# FE Study group



## noodles (Nov 2, 2007)

Hi,

I am hoping to write the FE exam in April 2008. I am looking for other people in my situation who would be interested in forming a study group / online support. I graduated from my engineering degree last year in the UK and immigrated to Canada this year, March 07. My degree is in electronics and telecommunications systems. I am pretty confident I can prepare for the exam myself it would just be nice to be in contact with other people in my situation. Drop me a line if interested.

Thanks,

Chris

[email protected]


----------



## Guest (Nov 2, 2007)

Chris,

Have you applied and been approved to take the FE? If not, I strongly suggest that you apply to a jurisdiction so they may be able to evaluate your transcripts and such as there are usually equivalency issues with non-US degrees.

Best of luck in your preparations!

JR


----------



## RIP - VTEnviro (Nov 2, 2007)

^ You are going to need to have your foreign education evaluated by a 3rd party to see if it is comparable to an ABET accredited degree. I've heard this can be a real bitch to do. It will take more time than just your typical application to a state board.

This is assuming you are looking to take it in the US. I don't know the rules in Canada.


----------



## noodles (Nov 2, 2007)

jregieng said:


> Chris,
> Have you applied and been approved to take the FE? If not, I strongly suggest that you apply to a jurisdiction so they may be able to evaluate your transcripts and such as there are usually equivalency issues with non-US degrees.
> 
> Best of luck in your preparations!
> ...



Thanks JR,

I submitted my transcripts to the engineering body here in Alberta, Canada - APEGGA. I am now registered with them as an 'examinee candidate'. As such I am required to sit the FE exam and one engineering economics module. I didn't feel this was fair as I don't see a difference between a UK engineering degree and a Canadian one. So yes I am approved to take the FE exam although my Canadian counterparts in Alberta are not required to do so.

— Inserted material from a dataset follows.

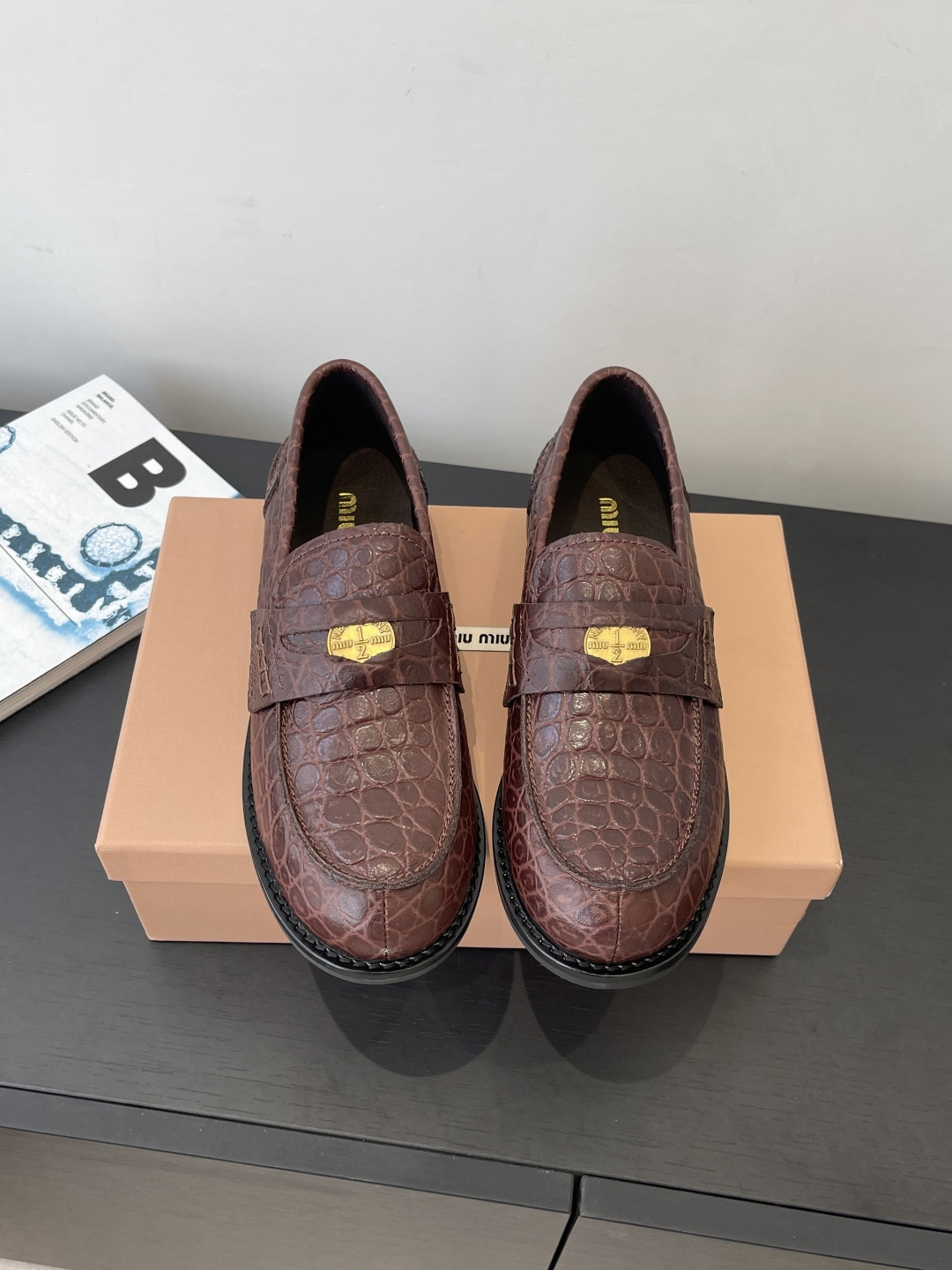 miumiu 미우미우 럭키 코인 레더 로퍼 구두 신발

I appreciate they have rules so I have resigned myself to sitting the FE exam, I figure the revision won't do me any harm other than the usual stress of exam preparation.

Regards,

Chris


----------



## Vinsanity (Nov 4, 2007)

Im a foreign CE/SE from Phils with 13 years of experience already passed National Professional Practice Exams with APEGGA and already written FE last Fall, I hope I will be able to pass that FE to be able to have PEng here in AB. Good luck to your FE Prep.



noodles said:


> Thanks JR,
> I submitted my transcripts to the engineering body here in Alberta, Canada - APEGGA. I am now registered with them as an 'examinee candidate'. As such I am required to sit the FE exam and one engineering economics module. I didn't feel this was fair as I don't see a difference between a UK engineering degree and a Canadian one. So yes I am approved to take the FE exam although my Canadian counterparts in Alberta are not required to do so.
> 
> I appreciate they have rules so I have resigned myself to sitting the FE exam, I figure the revision won't do me any harm other than the usual stress of exam preparation.
> ...


----------



## Vinsanity (Nov 4, 2007)

Once I have passed FE I will apply for Principles and Practice in US, US is better than Canada in Engineering practice and salary.


----------



## Vinsanity (Nov 4, 2007)

Vinsanity said:


> Once I have passed FE I will apply for Principles and Practice in US, US is better than Canada in Engineering practice and salary.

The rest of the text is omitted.